Research is currently being conducted on parasite–host systems that include representatives from each of the seven brood parasite lineages (Sorenson and Payne 2005) and on species pairs that inhabit every continent except for Antarctica (where none occur, Davies 2000). We know that the cost of hosting a parasite varies across species pairs (Kilner 2005) and that the benefits of hosting a parasite can outweigh the costs under some circumstances (Canestrari et al. 2014). The ecological consequences of these interactions can be globally conspicuous, predicting broad patterns of trait diversity such as small clutch sizes (Hauber 2003) and cooperative breeding (Feeney et al. 2013) in hosts, as well as hawk mimicry (Gluckman and Mundy 2013) and plumage polymorphisms (Thorogood and Davies 2013) in parasitic cuckoos. The depth of coevolution between these species is also becoming clear, with data now demonstrating that coevolved adaptations and counter-adaptations are evident at all stages of the host’s nesting cycle (reviewed in Feeney et al. 2014; Soler 2014)
In this chapter, I will discuss the interactions between avian brood parasites and hosts that occur prior to the parasite laying its egg in the host’s nest: the ‘frontline’ of the arms race (Welbergen and Davies 2009). These exchanges are of utmost importance, as a parasite’s reproductive output hinges on its ability to successfully deposit eggs in host nests, and successful deterrence of adult parasites offers the first opportunity for hosts to defend their nests. Unlike reciprocal adaptations and counter-adaptations at latter stages of the nesting cycle, frontline interactions primarily concern adult brood parasites and hosts, offering opportunities for selection to shape adult phenotypes of the involved species as well as their natural histories. Following a recent review of this topic (Feeney et al. 2012), I will discuss evidence of how coevolution has affected the life histories, behaviours, morphologies and physiologies of brood parasites and hosts. However, to minimize any unnecessary overlap, this chapter will place emphasis on new research as well as research that was not heavily discussed in Feeney et al. (2012). Discussion of traits will be conducted in a roughly chronological order.
2 Life Histories
2.1 Breeding Phenology
Parasitism can only occur if there is breeding synchrony between parasite and host. Despite being inherently difficult to demonstrate, evidence suggests that some host species, or populations of hosts within species, may have shifted their breeding phenologies to avoid breeding in synchrony with parasites. Brooker and Brooker (1989) were the first to compare breeding records of Australian cuckoos and their hosts and found numerous examples of hosts starting breeding before their cuckoos arrived or ending after they left, consistent with the hypothesis that hosts shift their breeding phenology to minimize overlap with cuckoos. Medina and Langmore (2016) built on this and found that early-laying yellow-rumped thornbills (Acanthiza chrysorrhoa) were parasitized significantly less than late breeders. Similar trends have been found in other host species (see Middleton 1977; Campomizzi et al. 2013 for similar evidence in hosts of the brown-headed cowbird (Molothrus ater); Table 17.1).

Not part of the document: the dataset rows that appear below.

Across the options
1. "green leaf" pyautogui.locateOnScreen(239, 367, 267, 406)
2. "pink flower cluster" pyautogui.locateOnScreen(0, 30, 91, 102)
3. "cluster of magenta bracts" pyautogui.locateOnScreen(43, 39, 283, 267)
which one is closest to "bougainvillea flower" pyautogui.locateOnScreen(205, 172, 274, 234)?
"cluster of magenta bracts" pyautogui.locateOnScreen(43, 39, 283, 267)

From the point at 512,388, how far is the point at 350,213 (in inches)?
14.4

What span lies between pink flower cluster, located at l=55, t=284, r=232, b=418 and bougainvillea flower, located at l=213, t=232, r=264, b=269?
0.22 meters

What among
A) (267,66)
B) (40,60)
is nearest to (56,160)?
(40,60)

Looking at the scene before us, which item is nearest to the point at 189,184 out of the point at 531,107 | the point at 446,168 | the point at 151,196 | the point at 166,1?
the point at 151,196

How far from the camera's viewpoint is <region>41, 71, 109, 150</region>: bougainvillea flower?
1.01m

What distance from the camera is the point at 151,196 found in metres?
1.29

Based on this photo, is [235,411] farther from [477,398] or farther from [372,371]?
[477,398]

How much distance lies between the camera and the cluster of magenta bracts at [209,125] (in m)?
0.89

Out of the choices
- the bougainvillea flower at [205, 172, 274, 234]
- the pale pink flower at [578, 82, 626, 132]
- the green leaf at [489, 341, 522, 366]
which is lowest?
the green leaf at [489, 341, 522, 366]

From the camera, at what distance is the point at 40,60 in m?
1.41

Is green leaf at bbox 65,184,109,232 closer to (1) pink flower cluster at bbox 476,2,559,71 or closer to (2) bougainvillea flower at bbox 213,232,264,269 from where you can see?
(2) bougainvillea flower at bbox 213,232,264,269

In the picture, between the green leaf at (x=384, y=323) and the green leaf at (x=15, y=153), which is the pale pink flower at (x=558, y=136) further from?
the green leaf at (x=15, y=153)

Research into the effects that climate change has had on bird breeding behaviours may offer insights into effectiveness and potential evolutionary consequences of this putative defence. Notably, migratory parasites are likely more vulnerable to shifts in host breeding phenology compared to their resident counterparts, as they are less able to track their host’s breeding schedule (Saino et al. 2009; Møller et al. 2011b; Péron et al. 2016). Those that are unable to effectively track host laying may be forced to switch hosts (Møller et al. 2011b; Péron et al. 2016) or face a reduction in their abundance (Saino et al. 2009). Host switching, in turn, may promote hybridization of closely related parasite species (Péron et al. 2016) or divergence into distinct ‘races’ (gentes) (Møller et al. 2011a) or species (Sorenson et al. 2003; Péron et al. 2016). Together, these studies suggest that shifts in host breeding phenology could provide an extremely effective defence against brood parasitism, especially in parasite–host systems that comprise migratory parasites and resident hosts, and could have dire evolutionary repercussions for the parasites.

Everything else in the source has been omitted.